The 2020 Cosmetify Index shows that skincare and grooming brands that have appealed to the men survey have been ones with gender-neutral packaging have been the one’s most popular among consumer who are men.
Brand such as L’Oreal, Walh and Clinique appear in the top ten preferred brands on the index, with an increase in demand for products from other men’s makeup lines, including The Ordinary and Tom Ford. According to Cosmetify, the top three products men have shown preference to are face bronzer, concealer and tinted moisturiser.

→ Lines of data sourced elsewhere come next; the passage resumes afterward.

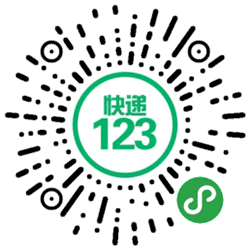 快递123小程序二维码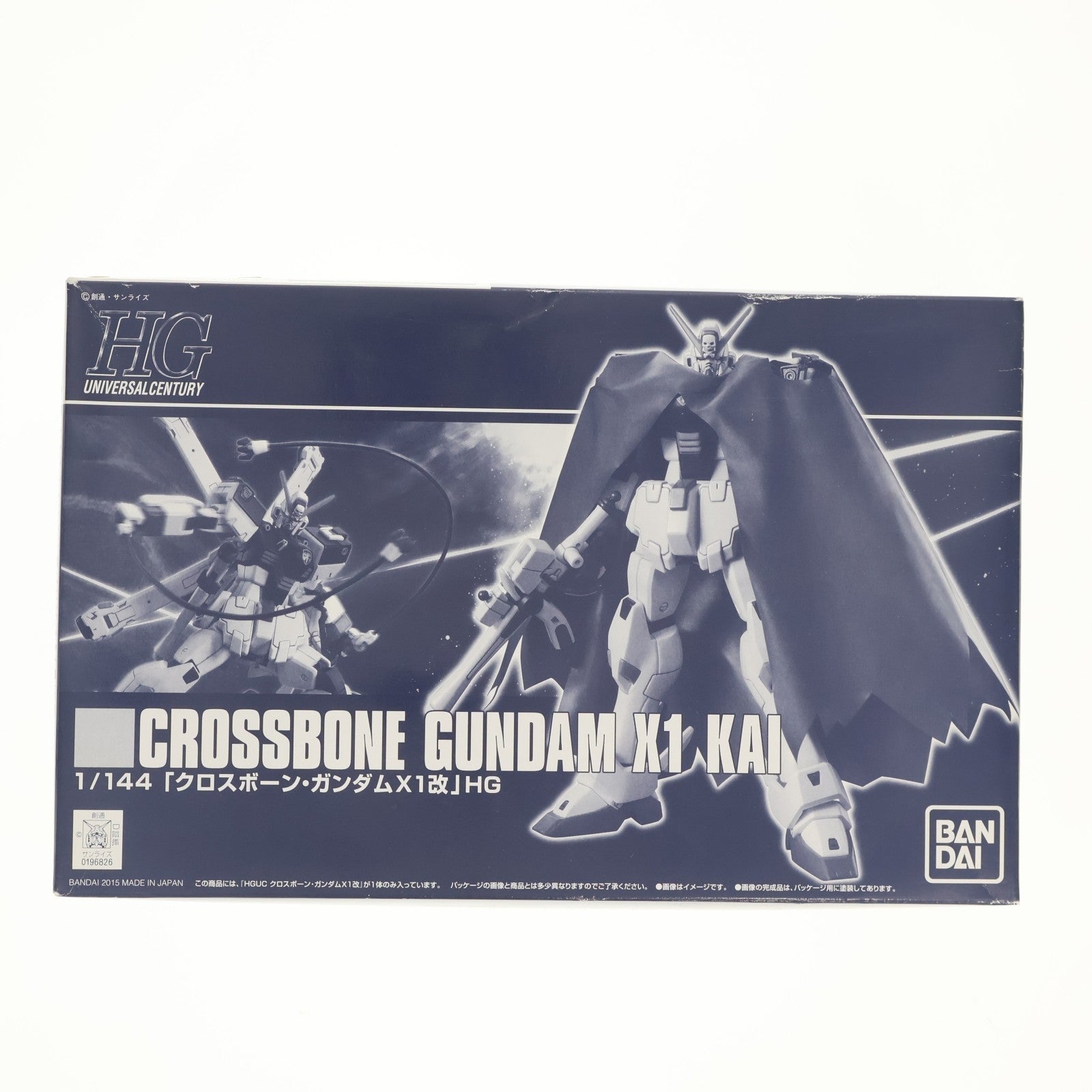 【中古即納】[PTM] プレミアムバンダイ限定 HGUC 1/144 クロスボーン・ガンダムX1改 機動戦士クロスボーン・ガンダム プラモデル(0196826) バンダイ(20150531)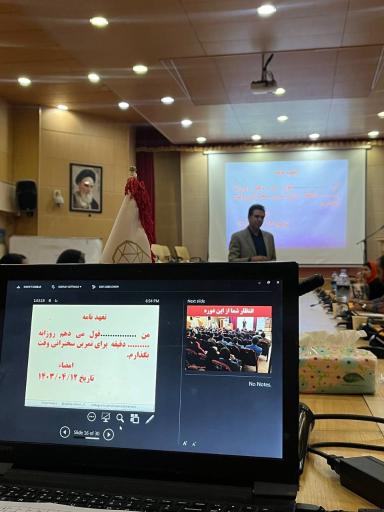 عکس آکادمی انصاری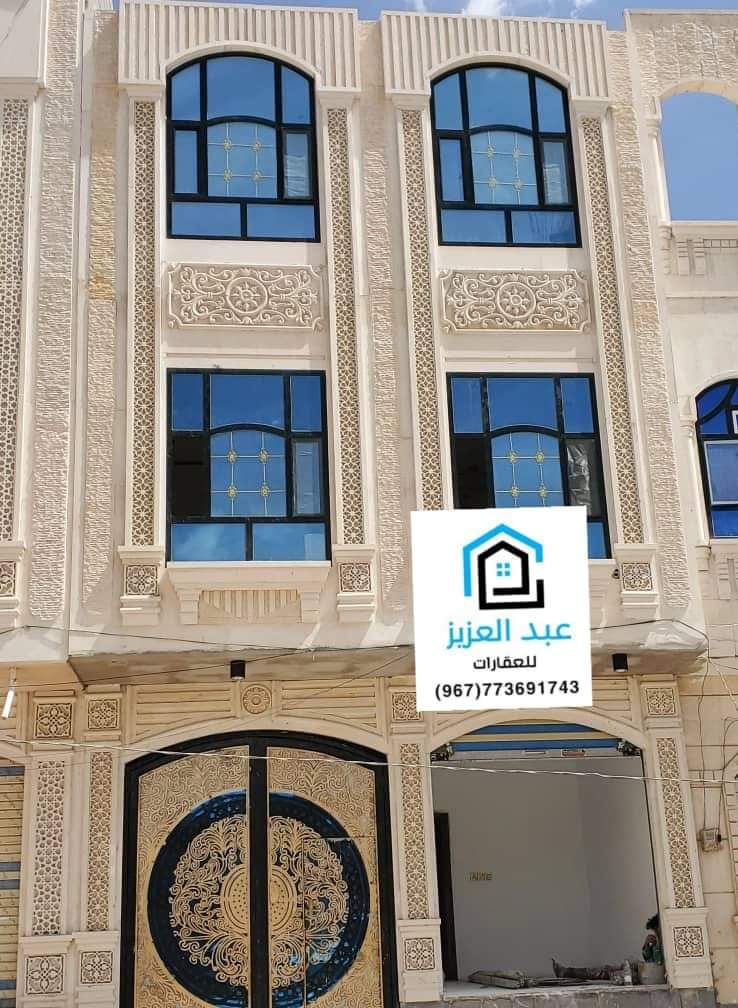 للبيع بيت مسلح هردي ثلاثة ادوار دورين مشطب لووكس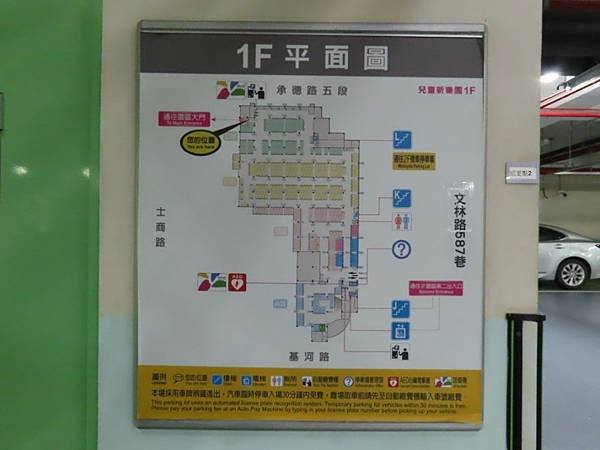2024-07-20 11-20-19 (自訂).JPG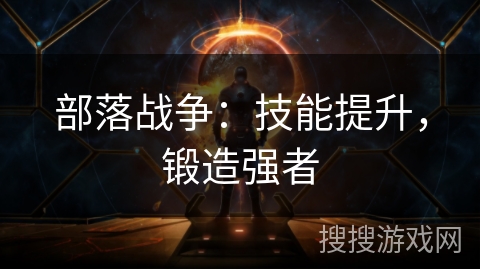 部落战争：技能提升，锻造强者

It worth noting that female and male skin differs because of hormone levels, as such, skincare products can’t simply be interchangeable. According to Cosmetify, because of testosterone, male skin is thicker, oilier and ages differently to female skin.
Having said that, I don’t see much use for assuming indoctrinating terms to convince heterosexual men to take care of themselves. Healthy exfoliation is good for everyone, a good moisturiser is not the enemy. And for anyone who needs to hear this, daily SPF is as necessary as water.
Makeup is fun, as is a nourishing skincare practice. So, there’s no need to gender the essential tasks of looking after yourself and looking good, right? Right.